The current from transistor 403 is received by transistor 405, and related transistor 407 provides an output current which is in proportion to the voltage sensed by transistor 403. Transistor 405 in cooperation with transistor 407 supplies a current to transistors 409 and 411, which cooperate to provide a voltage that is just sufficient to induce transistor 409 to receive that current. Transistor 411 provides a current to transistor 413 reduced by the beta of transistor 409 to a much smaller value than the input current provided to transistor 409. Transistors 413 and 415 operate at a much reduced current level, and any differences in the emitter impedances of these transistors have a greatly reduced effect.
Transistor 415 provides the reduced current to transistor 417 and transistor 419, and transistor 417 cooperates with transistor 421 to provide a current to transistors 423 and 425. Since transistor 421 may also provide a larger current by the use of a larger transistor, and the loading due to base current for transistor 421 is also made larger thereby, this additional loading is optionally compensated for by transistor 419, which is not otherwise required by the circuit.

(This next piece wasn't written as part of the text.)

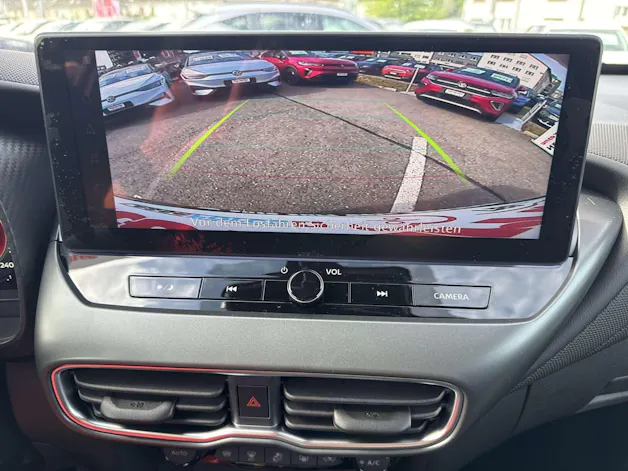 NISSAN Juke 1.0 DIG-T N-Connecta DCT-Automat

Transistors 423 and 425 receive the current from transistor 421 discussed previously, and cooperatively produce a current from transistor 427. As before, transistor 425, like transistor 419, avoids loading effects, since transistor 427 may also provide a multiplied current, as discussed for transistor 421.

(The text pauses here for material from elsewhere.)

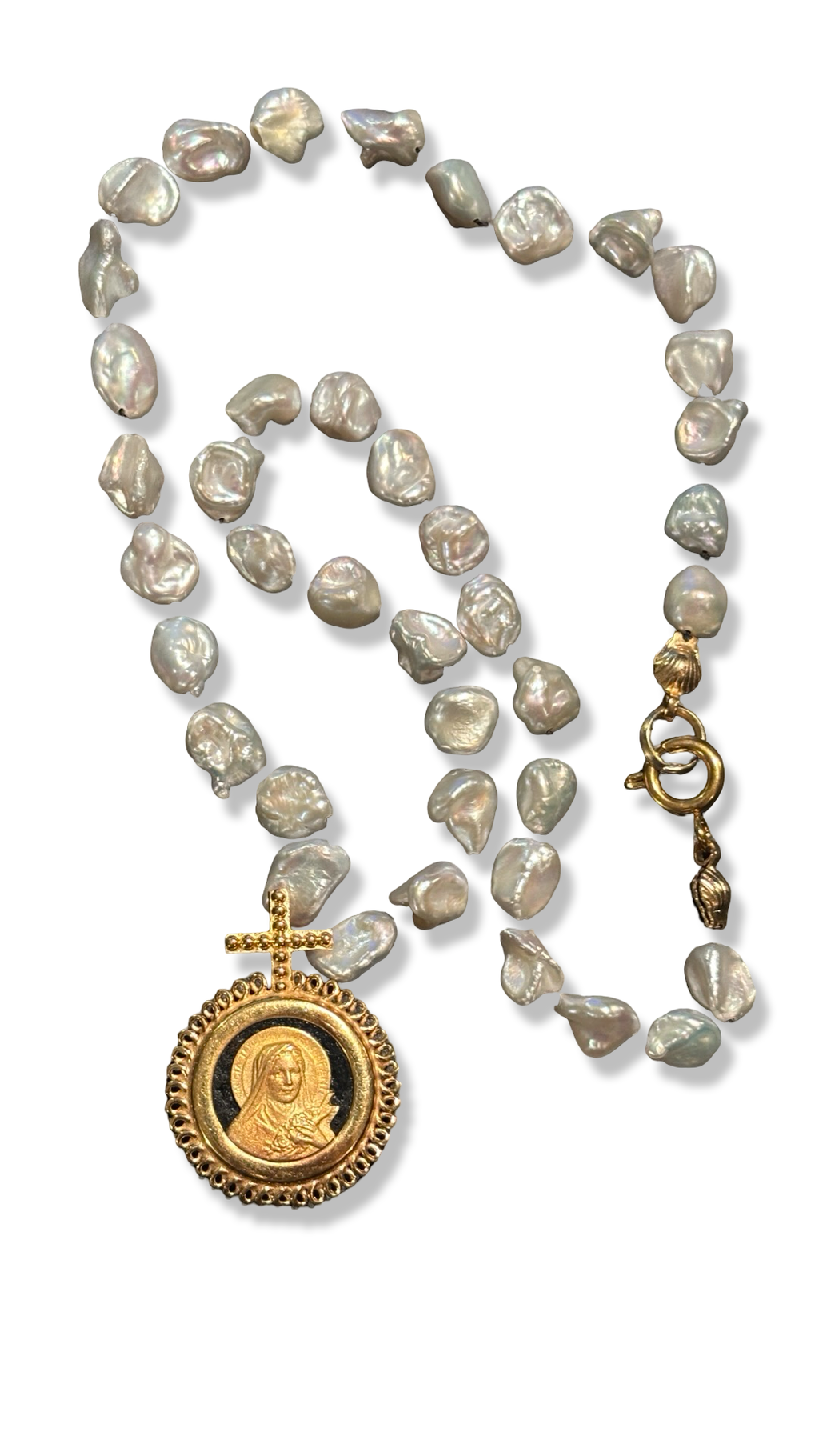 Collier de perles baroques et médaillon de Sainte Thérèse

Transistor 427 then provides a current to transistor 429 which is proportional to the current provided by transistor 409, though possibly multiplied as discussed above. Transistor 429 receives the current from transistor 427 in the base connection, so the output current Io at the collector of transistor 429 is thereby beta multiplied. Since the betas of transistor 409 and transistor 429 are nominally matched, the result is as though no reduction and restoration had occurred, except that, as mentioned, the effects of impedances in the emitters of the intermediate transistors, that is, transistors 413, 415, 417, 421, 423 and 427, are greatly reduced, and more importantly, an impedance in the emitter of transistor 429 does not need to be matched with an impedance in the emitter of transistor 409. It can be expected that a difference in beta between transistor 409 and transistor 429 may create a small difference in the desired current, but this has proven to be less of a concern than the effects of different emitter impedances in the input and output transistors, specifically transistor 409 and transistor 429, mentioned above, when the invention is not used. The net result is an improvement in the characteristics of the bias circuit since an impedance in the emitter of transistor 429 does not reflect back on the matching transistor 409. Further, a reduction in parasitic heating due to the higher currents of the prior art, and a reduction in the voltage mismatches at the emitters thereby, may also be a benefit of this invention.
The foregoing descriptions of specific embodiments of the present invention have been presented for purposes of illustration and description. They are not intended to be exhaustive or to limit the invention to the precise forms disclosed, and it should be understood that many modifications and variations are possible in light of the above teaching. The embodiments were chosen and described in order to best explain the principles of the invention and its practical application, to thereby enable others skilled in the art to best utilize the invention and various embodiments with various modifications as are suited to the particular use contemplated. It is intended that the scope of the invention be defined by the Claims appended hereto and their equivalents.